Desde que comecei a escrever tenho consciência de que esse nunca será o tipo de atividade que o mundo recompensa. Não é algo que segue a lógica do capitalismo, por mais que os livros sejam produtos, nem obedece ao imediatismo das redes sociais. Embora eu tenha até ficado empolgada e enviado as cinco páginas que escrevi para minha amiga e leitora-beta na mesma hora, a verdade é que na maior parte do tempo escrevemos para dentro. Daqui sai, aqui fica, até que o material se apresente mais ou menos pronto. É um segredo que consome grandes fatias de tempo. Quando eu era criança e adolescente meus pais, por exemplo, nunca entenderam muito bem. A menina esquisita enchia caderninhos de arame com histórias escritas a lápis, dedicando grande parte de sua existência solitária a esse hábito, e a pergunta que sempre ficou foi um gigantesco pra quê.
Para ganhar dinheiro, certamente, não é. Já falei aqui sobre como é difícil viver de literatura no Brasil. Agora que sou uma escritora publicada & reconhecida (risos), as pessoas entendem um pouco melhor quando digo que tenho um compromisso com minha ficção, talvez porque nem desconfiem de como um autor nacional vende pouco. Até ganhei algum dinheiro relevante com literatura, não vou mentir, mas não foi vendendo livros, e não deu para pagar metade das minhas dívidas. Não é para ganhar dinheiro que eu escrevo, não senhora.
É claro que ser publicado é uma peça fundamental dessa equação. Sem o leitor, o escritor fica meio sem valia. Mas eu arriscaria dizer que também não é com esse objetivo que a vontade se instala. Porque, veja bem, acontece uma coisa muitíssimo curiosa: é que, no frenesi da escrita, vamos colocando um corpo na ideia, sentindo o coração palpitar com o extraordinário disso que é ser capaz de prender um pensamento na palavra, se tivermos sorte publicamos aquele mundo recém-criado e depois... bem, depois tudo perde um pouco a graça. Há um momento de dissociação, um esvaziamento. O livro chega aos leitores e de repente não é mais nosso. Ainda que fiquemos felizes com a repercussão, mesmo que pequena, só pensamos na próxima coisa a ser escrita.

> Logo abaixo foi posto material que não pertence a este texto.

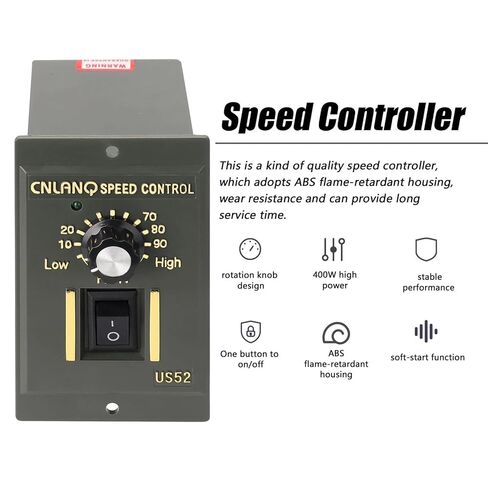 جهاز تحكم في سرعة المحرك 400 وات AC220V ABS جهاز تحكم منظم محدد مع مؤشر ضوئي وقابل للتعديل العكسي in Kuwait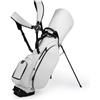 Generic Sacca da Golf con Cavalletto Durevole, Bianco | Regolabile, Borsa da Golf con Tracolla, per Campo Pratica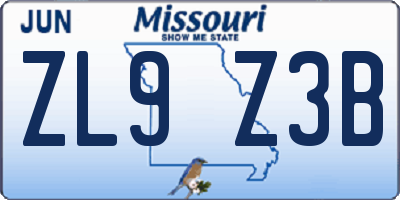 MO license plate ZL9Z3B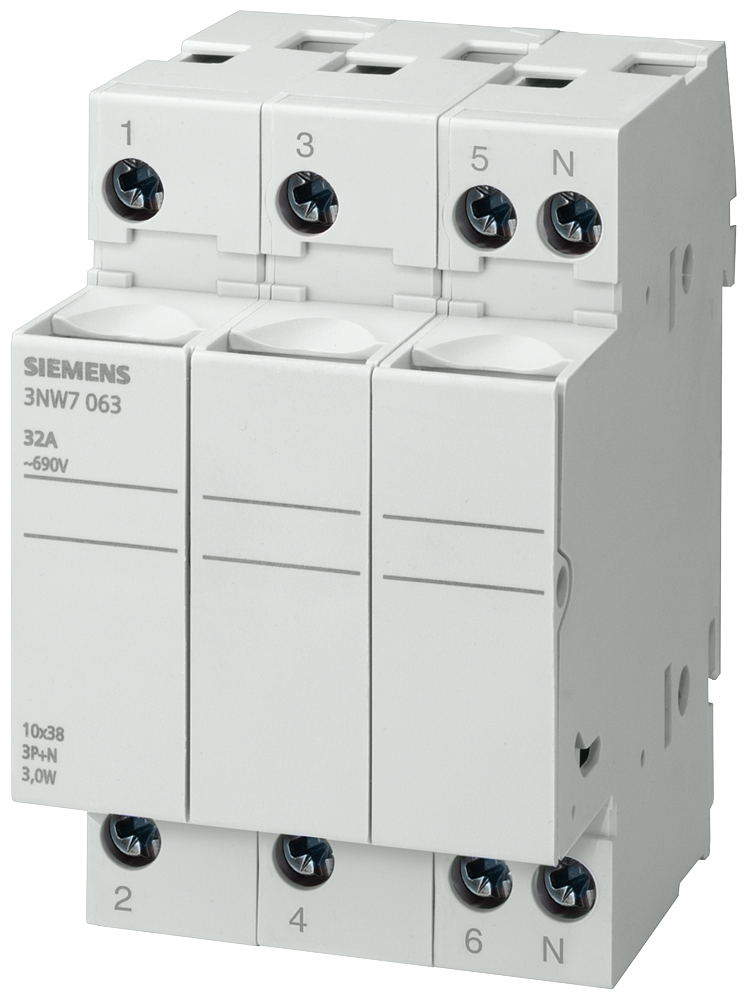 SIEMENS 3NW7063 SENTRON, cylindrical fuse holder, 10 x 38 mm, 3P+N, In: 32 A, Un AC: 690 V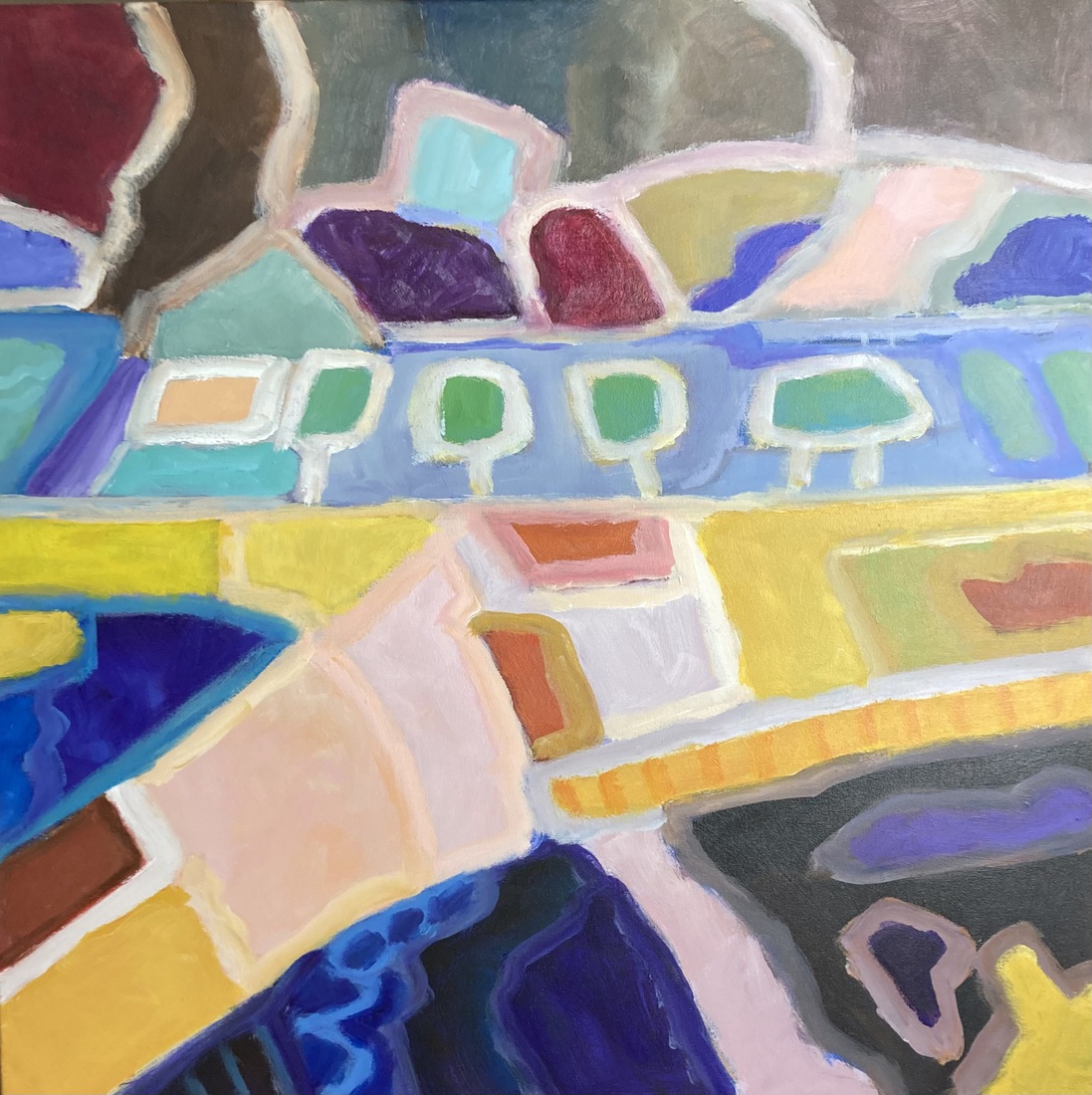 Dorpsplein met platanen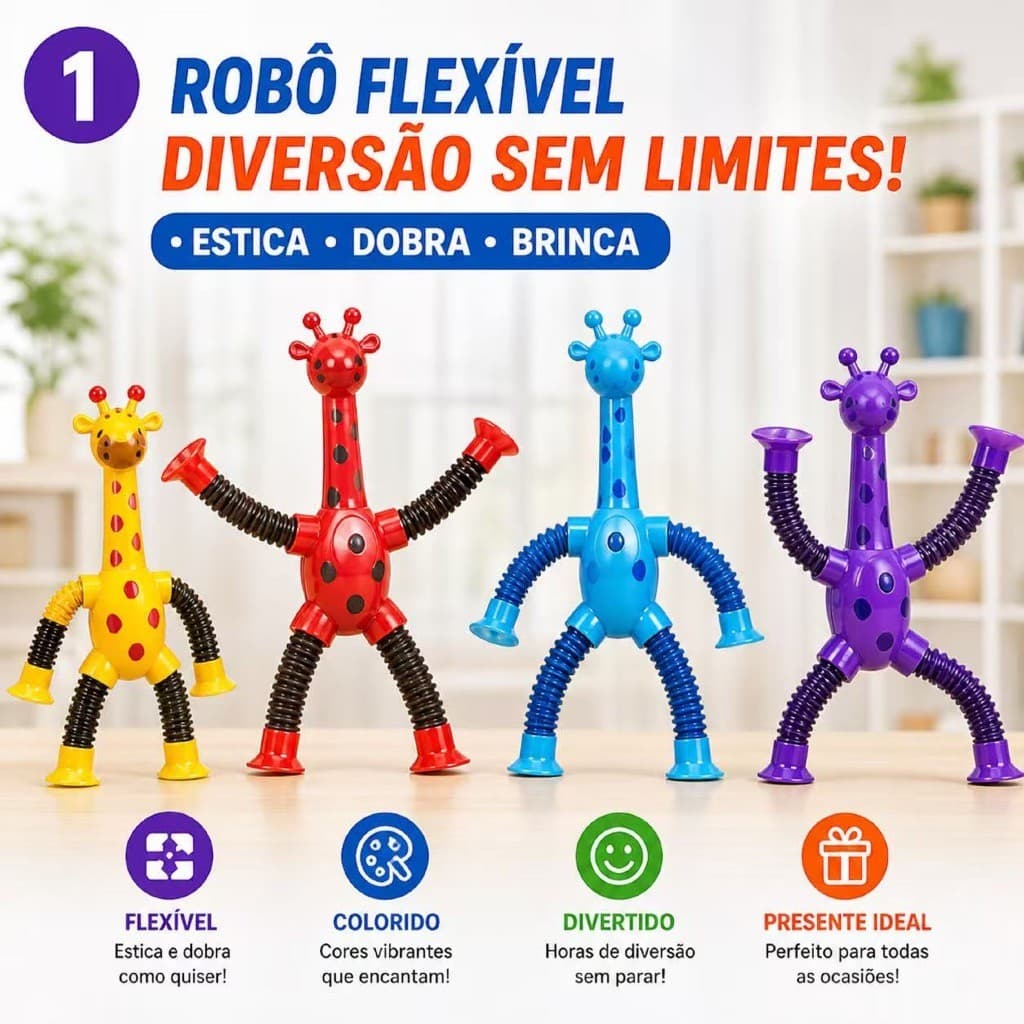 Brinquedo Infantil Girafa Pop Tubo Led Com Ventosas Com Ventosa Estica Brinquedo infantil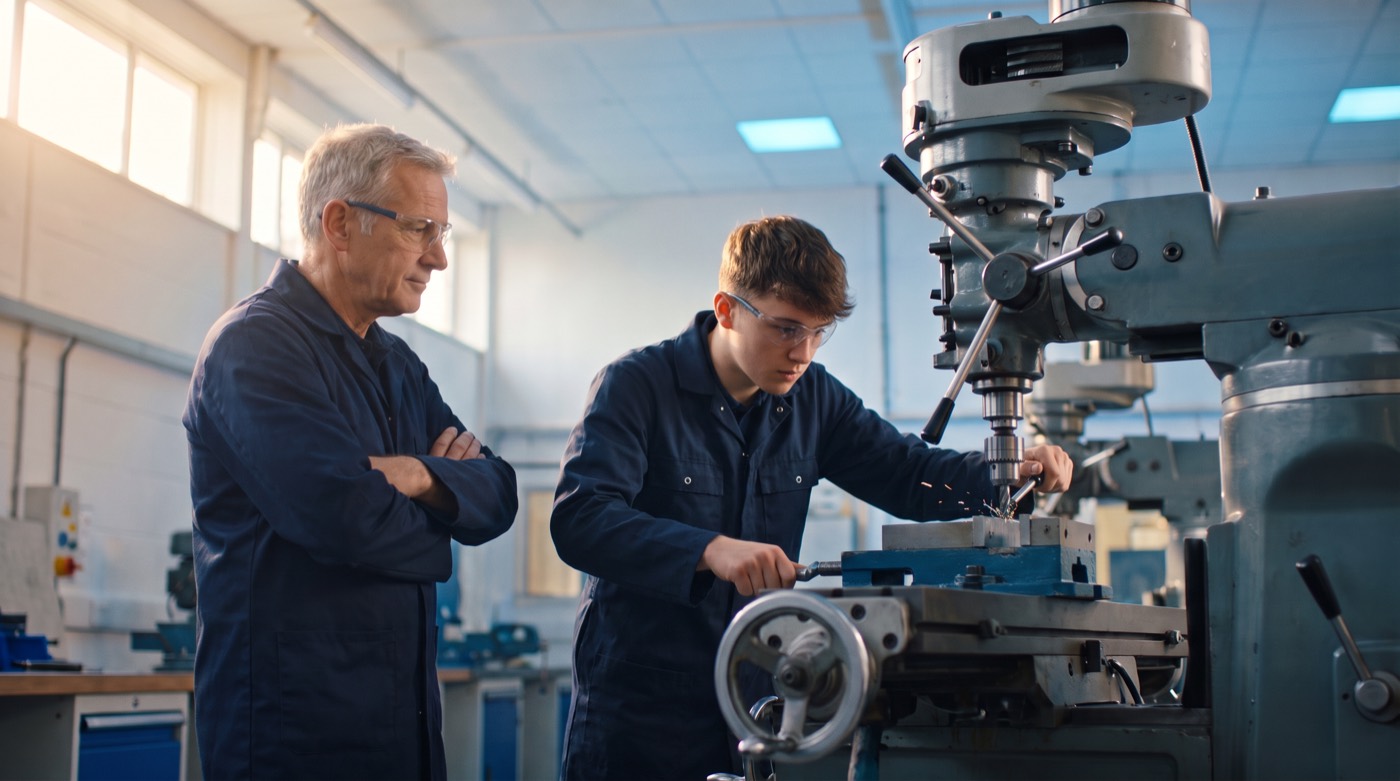 An older engineer guiding a young apprentice at a milling machine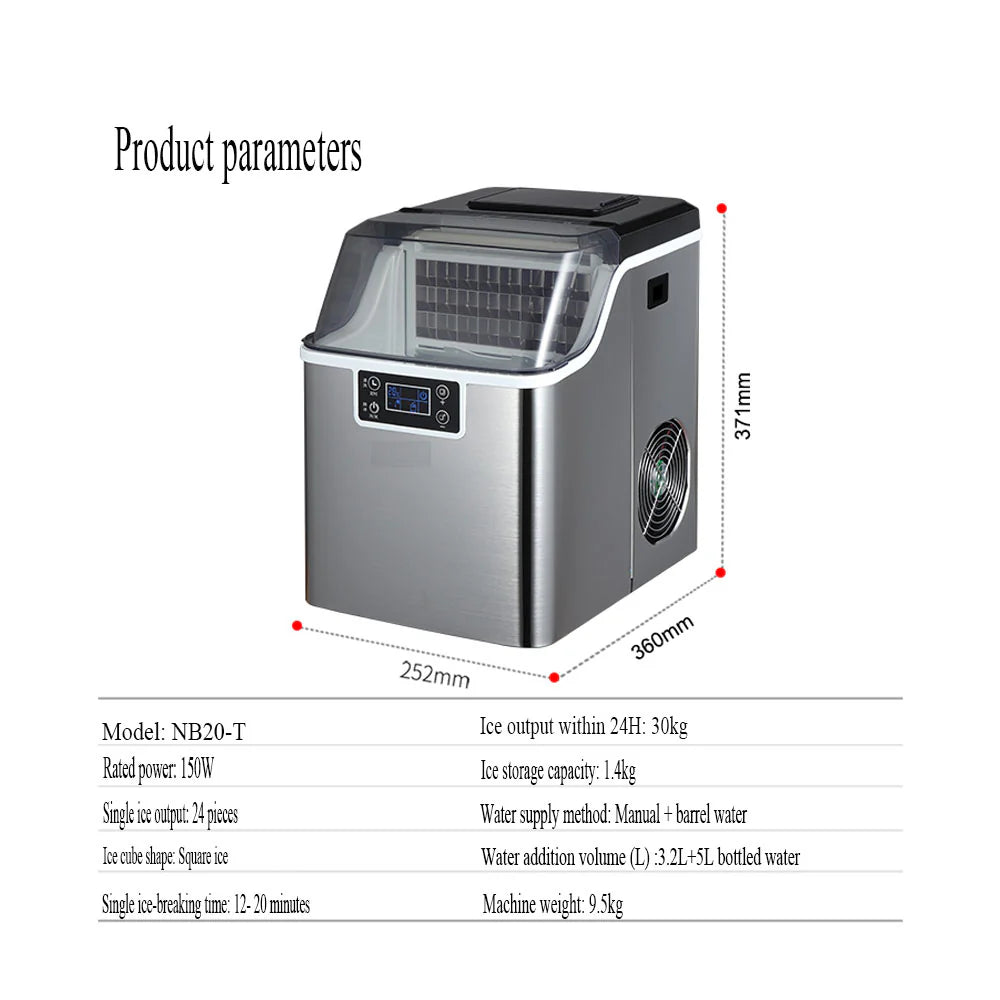 Countertop Ice Maker Machine 30KG/24H – Stainless Steel Square Ice Maker with LCD Display, 24 Cubes per Cycle & Multiple Water Supply Options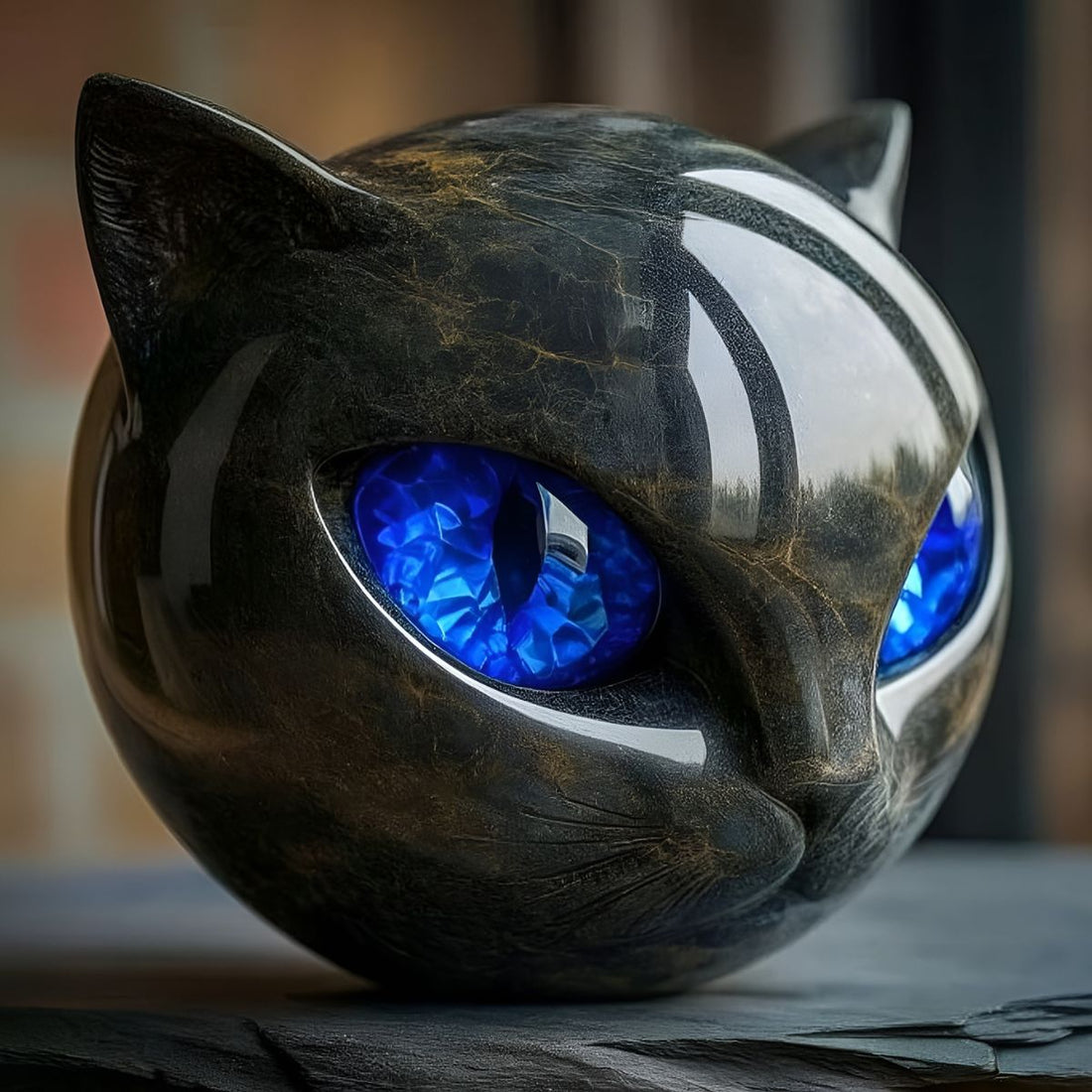 NyxCharm™ | Mystical Black Cat Head Sculpture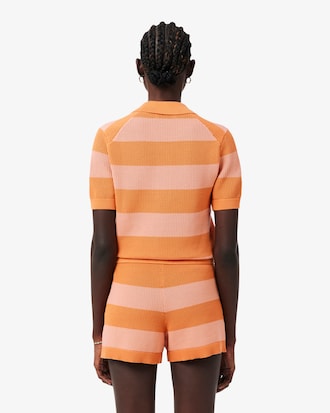 Pull col polo maille r&eacute;sille rayures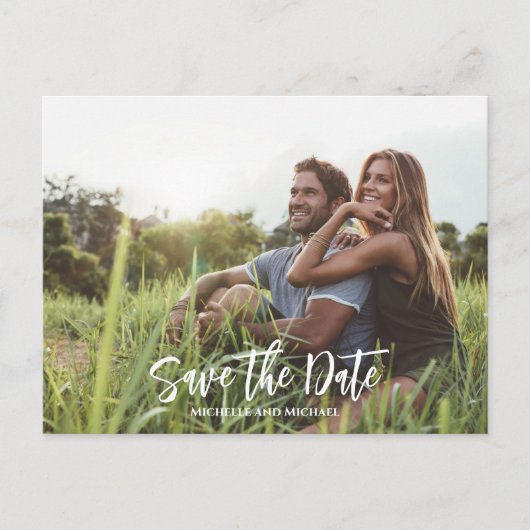 予算モダン結婚式の日付写真の保存QRコード 案内ポストカード (正面)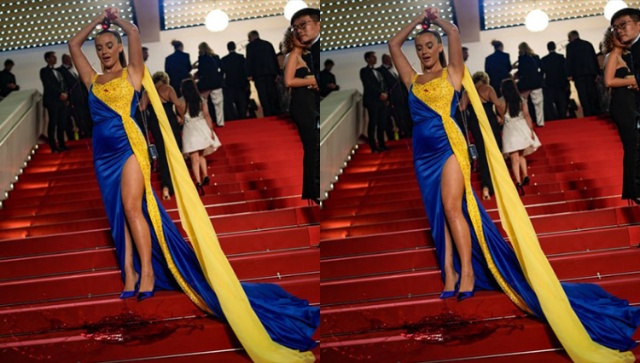 Woman draped in colours of the Ukrainian flag pours fake blood on herself at Cannes red carpet Woman draped in colours of the Ukrainian flag pours fake blood on herself at Cannes red carpet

Dispenso os arroubos poéticos nessa investigação dos meus motivos. Não escrevo para sobreviver, tampouco para me salvar. Viveria muito bem, aliás, se não escrevesse, talvez até vivesse melhor; muitas vezes tentei abandonar ou mesmo desistir disso. Seria uma pessoa regulada da cabeça, quem sabe, não ficaria congelada em momentos aleatórios pensando em gente de mentira. Escrever me consome tempo e energia, e é muito curioso que eu escreva feito doida justamente quando mais preciso das duas coisas.
Pra quê me torturar, então?
Porque eu me reconheço quando escrevo. Porque é disso que sou feita.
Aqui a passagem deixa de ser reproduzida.